Exactly as they stand, give the records below again, with no images.

Saved data entries:
════════════════════

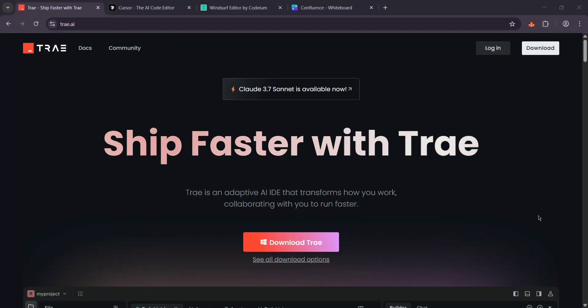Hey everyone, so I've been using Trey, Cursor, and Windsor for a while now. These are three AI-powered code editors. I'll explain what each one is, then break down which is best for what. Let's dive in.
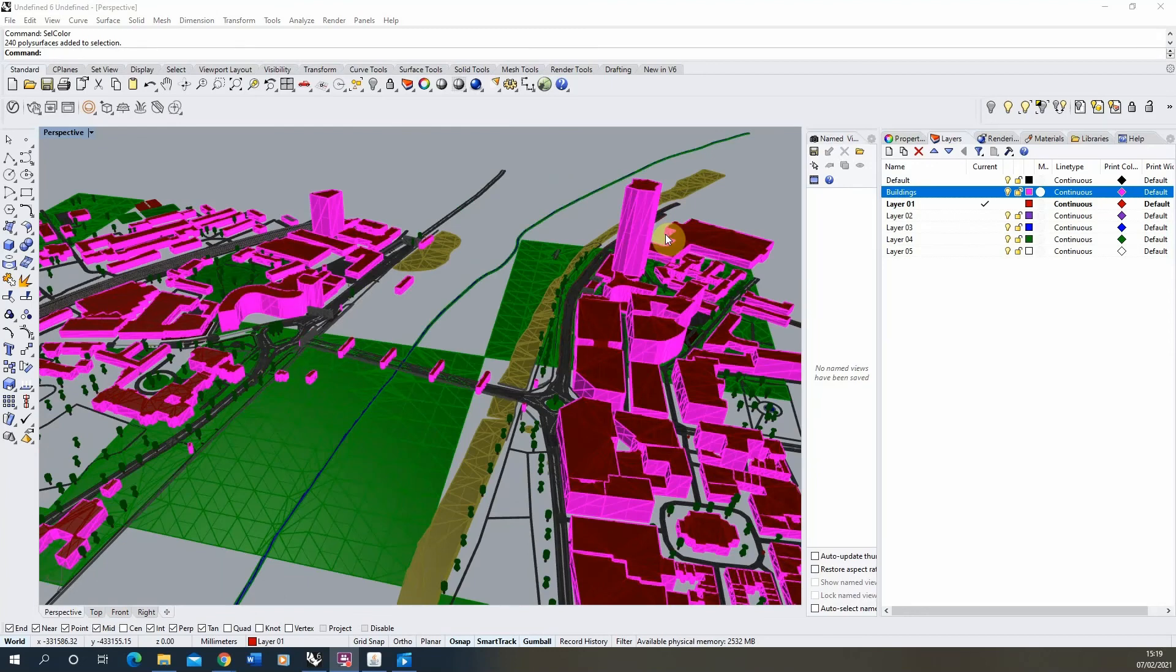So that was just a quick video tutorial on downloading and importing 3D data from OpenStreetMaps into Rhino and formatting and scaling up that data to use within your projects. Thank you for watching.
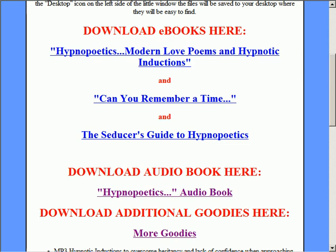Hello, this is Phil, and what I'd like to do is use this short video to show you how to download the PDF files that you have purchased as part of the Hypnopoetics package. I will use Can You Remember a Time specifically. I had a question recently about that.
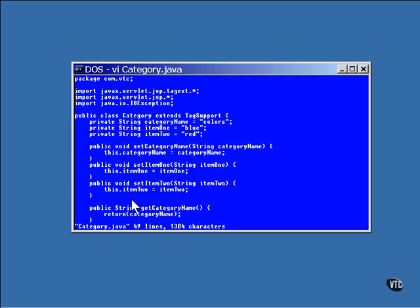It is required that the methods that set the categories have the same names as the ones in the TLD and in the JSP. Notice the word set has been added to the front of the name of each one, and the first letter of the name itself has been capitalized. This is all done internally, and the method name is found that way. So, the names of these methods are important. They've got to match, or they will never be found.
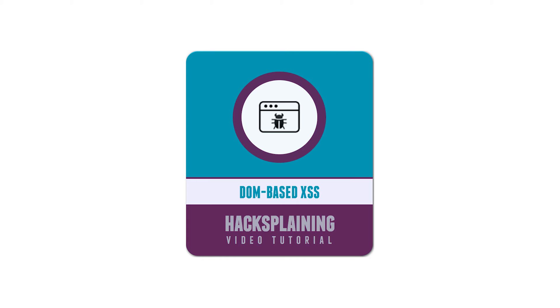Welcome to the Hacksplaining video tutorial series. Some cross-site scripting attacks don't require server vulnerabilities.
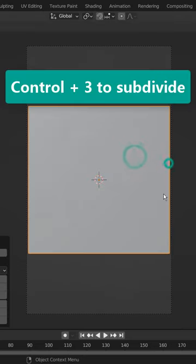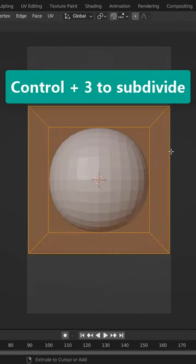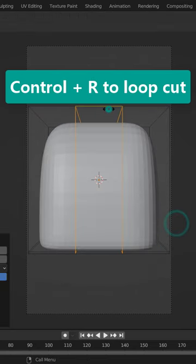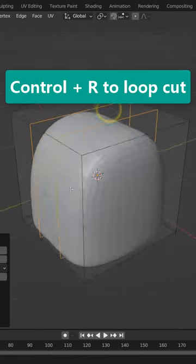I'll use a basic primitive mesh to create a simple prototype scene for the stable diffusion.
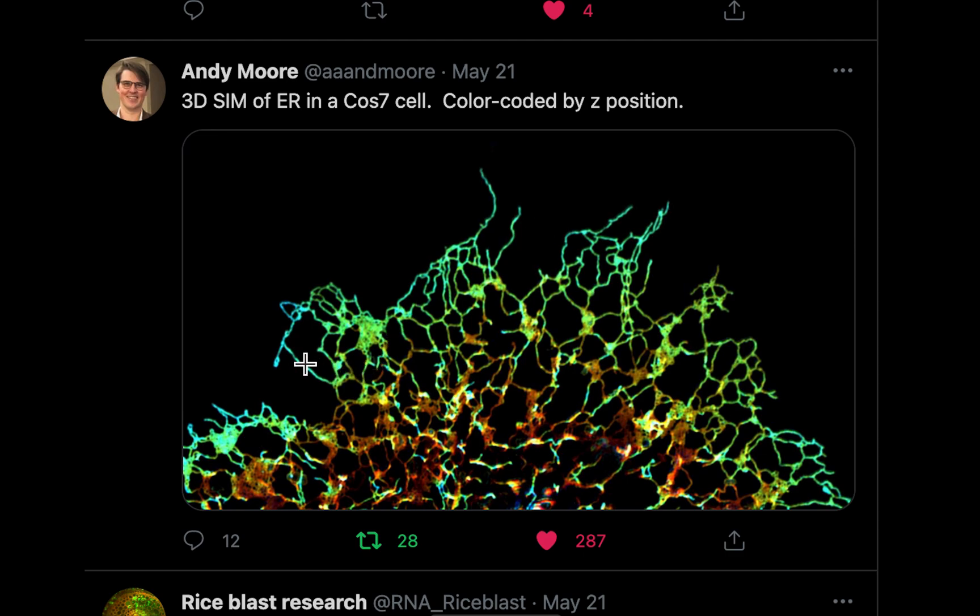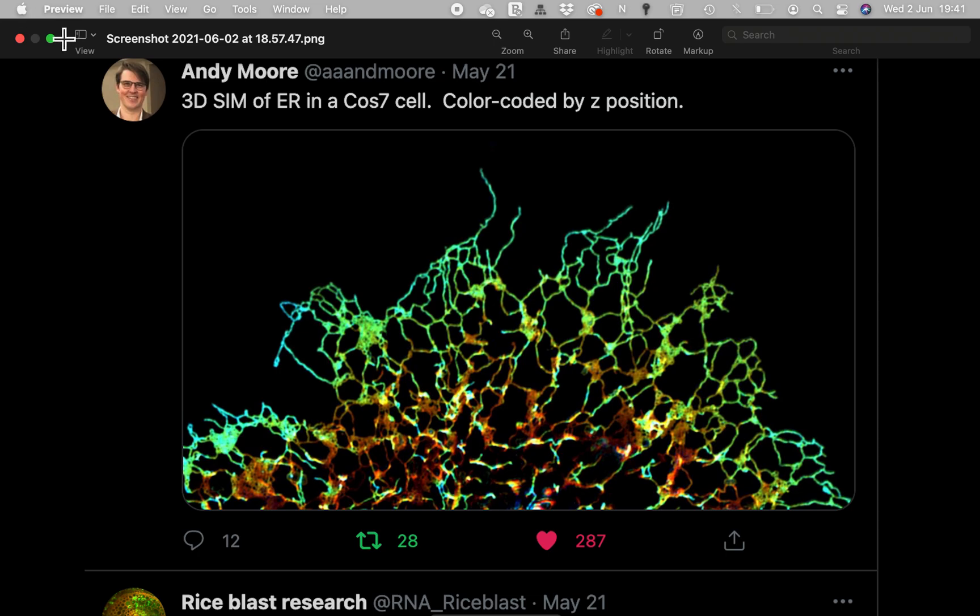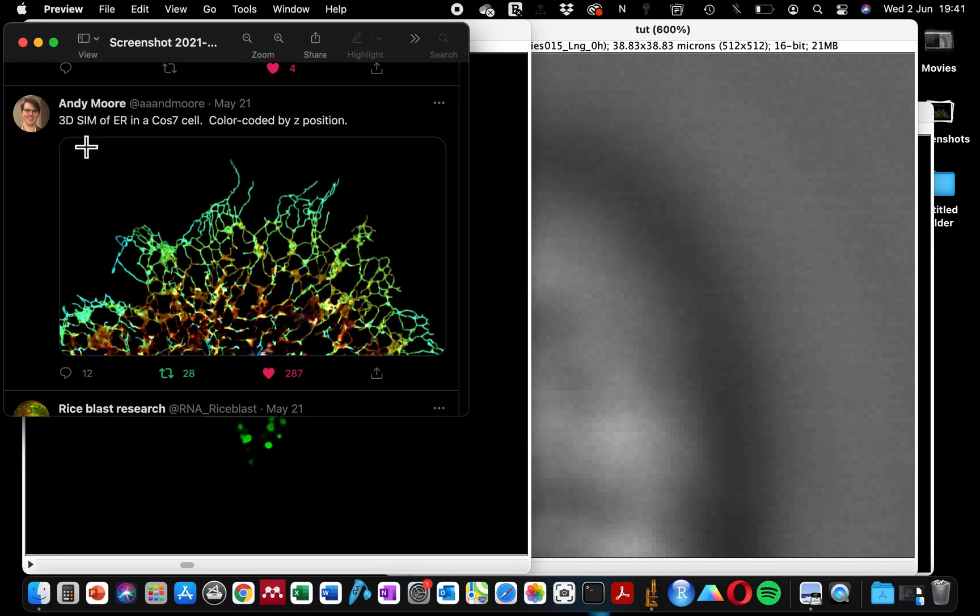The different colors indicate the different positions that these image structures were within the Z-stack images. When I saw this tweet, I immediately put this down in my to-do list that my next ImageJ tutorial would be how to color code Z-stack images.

════════════════════

*TASK OUTPUT*.
Hey everyone, so I've been using Trey, Cursor, and Windsor for a while now. These are three AI-powered code editors. I'll explain what each one is, then break down which is best for what. Let's dive in.
So that was just a quick video tutorial on downloading and importing 3D data from OpenStreetMaps into Rhino and formatting and scaling up that data to use within your projects. Thank you for watching.
Hello, this is Phil, and what I'd like to do is use this short video to show you how to download the PDF files that you have purchased as part of the Hypnopoetics package. I will use Can You Remember a Time specifically. I had a question recently about that.
It is required that the methods that set the categories have the same names as the ones in the TLD and in the JSP. Notice the word set has been added to the front of the name of each one, and the first letter of the name itself has been capitalized. This is all done internally, and the method name is found that way. So, the names of these methods are important. They've got to match, or they will never be found.
Welcome to the Hacksplaining video tutorial series. Some cross-site scripting attacks don't require server vulnerabilities.
I'll use a basic primitive mesh to create a simple prototype scene for the stable diffusion.
The different colors indicate the different positions that these image structures were within the Z-stack images. When I saw this tweet, I immediately put this down in my to-do list that my next ImageJ tutorial would be how to color code Z-stack images.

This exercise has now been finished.